Given data >>
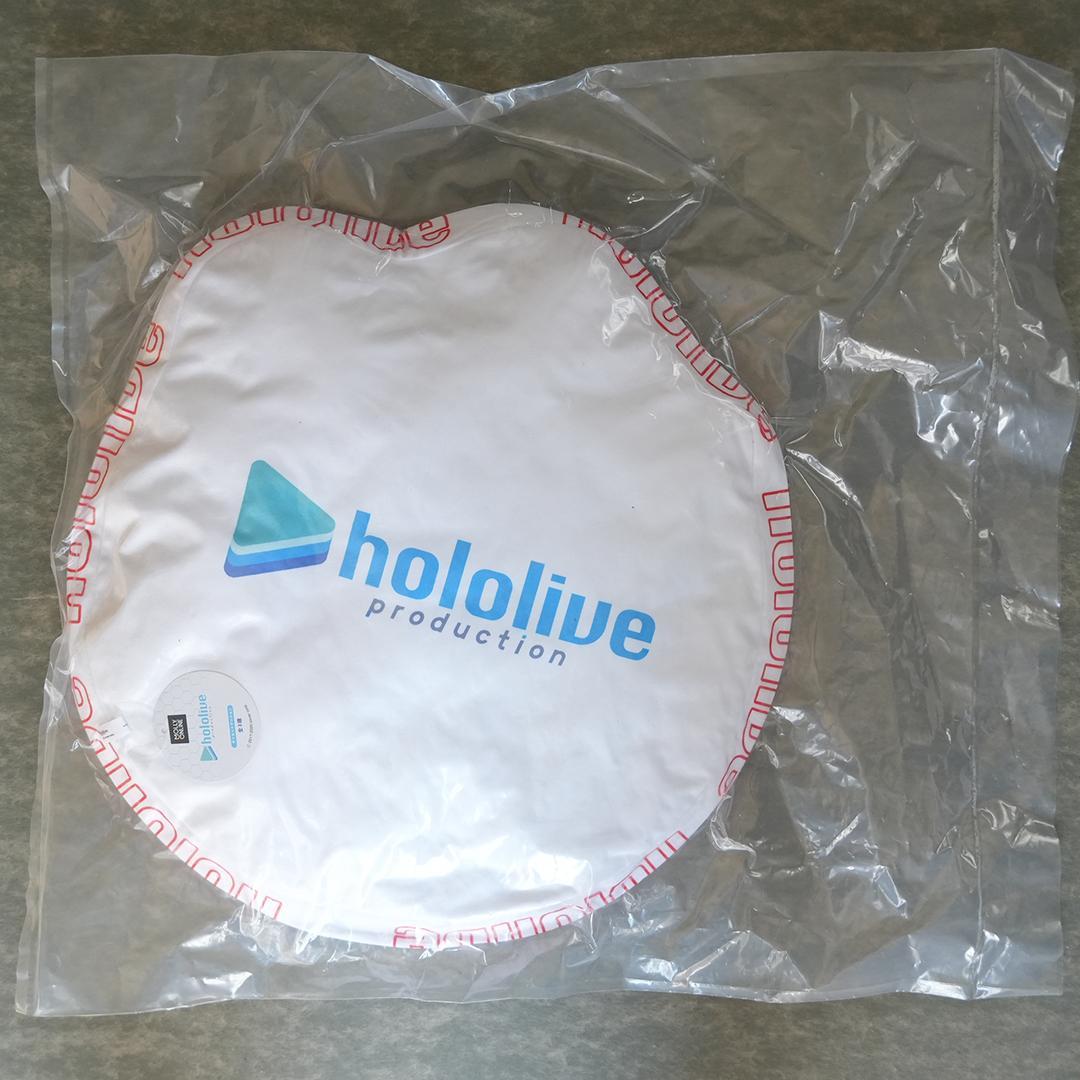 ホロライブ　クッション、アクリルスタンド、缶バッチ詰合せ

* * *

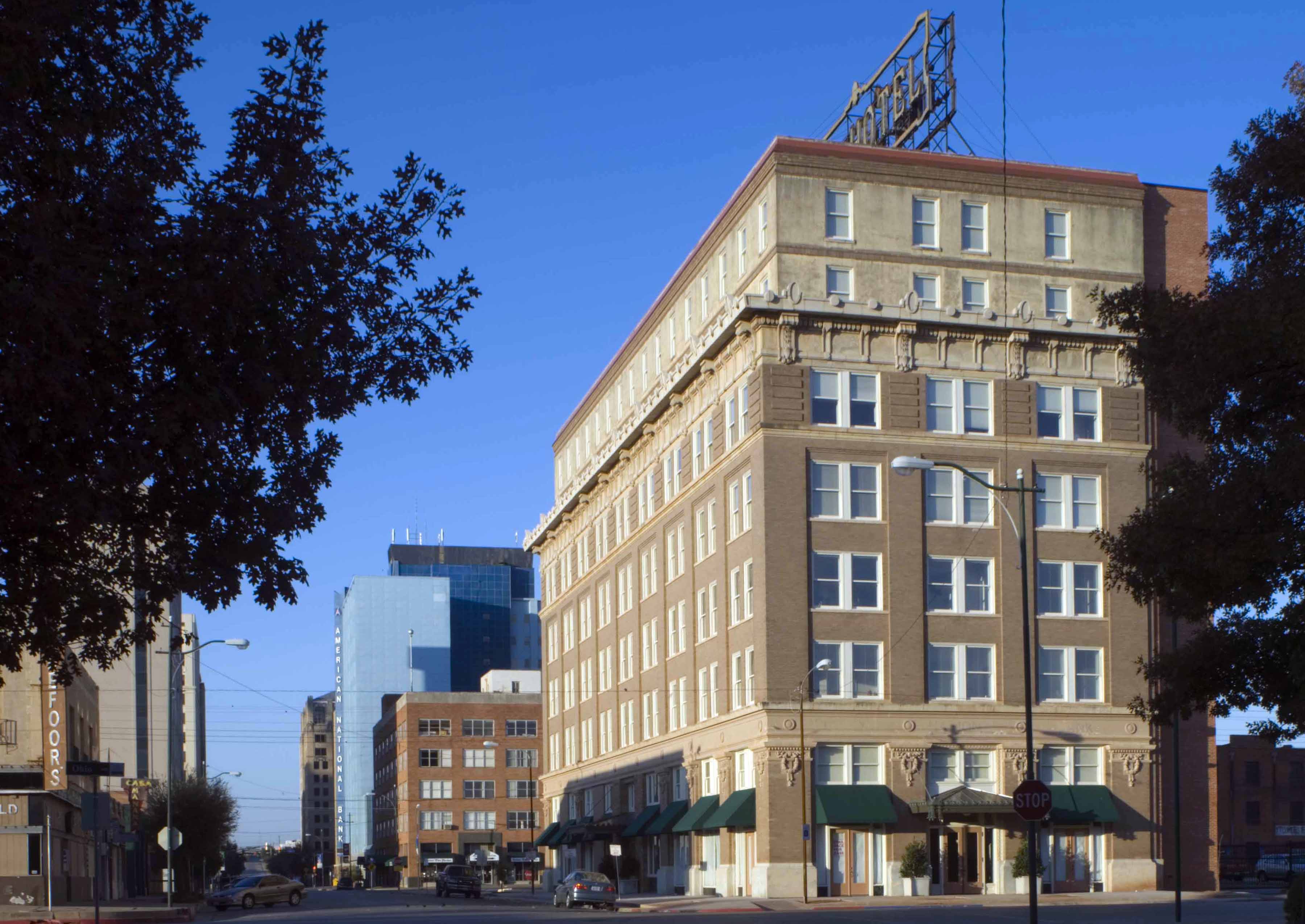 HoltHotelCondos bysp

==

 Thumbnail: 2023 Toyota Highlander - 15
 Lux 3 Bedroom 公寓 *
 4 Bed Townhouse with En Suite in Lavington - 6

What is expected >>
Working from the records above, write out verbatim only the lines from the line containing "Thumbnail: 2023 Toyota Highlander - 15" through the line containing "4 Bed Townhouse".

Solution to the problem >>
 Thumbnail: 2023 Toyota Highlander - 15
 Lux 3 Bedroom 公寓 *
 4 Bed Townhouse with En Suite in Lavington - 6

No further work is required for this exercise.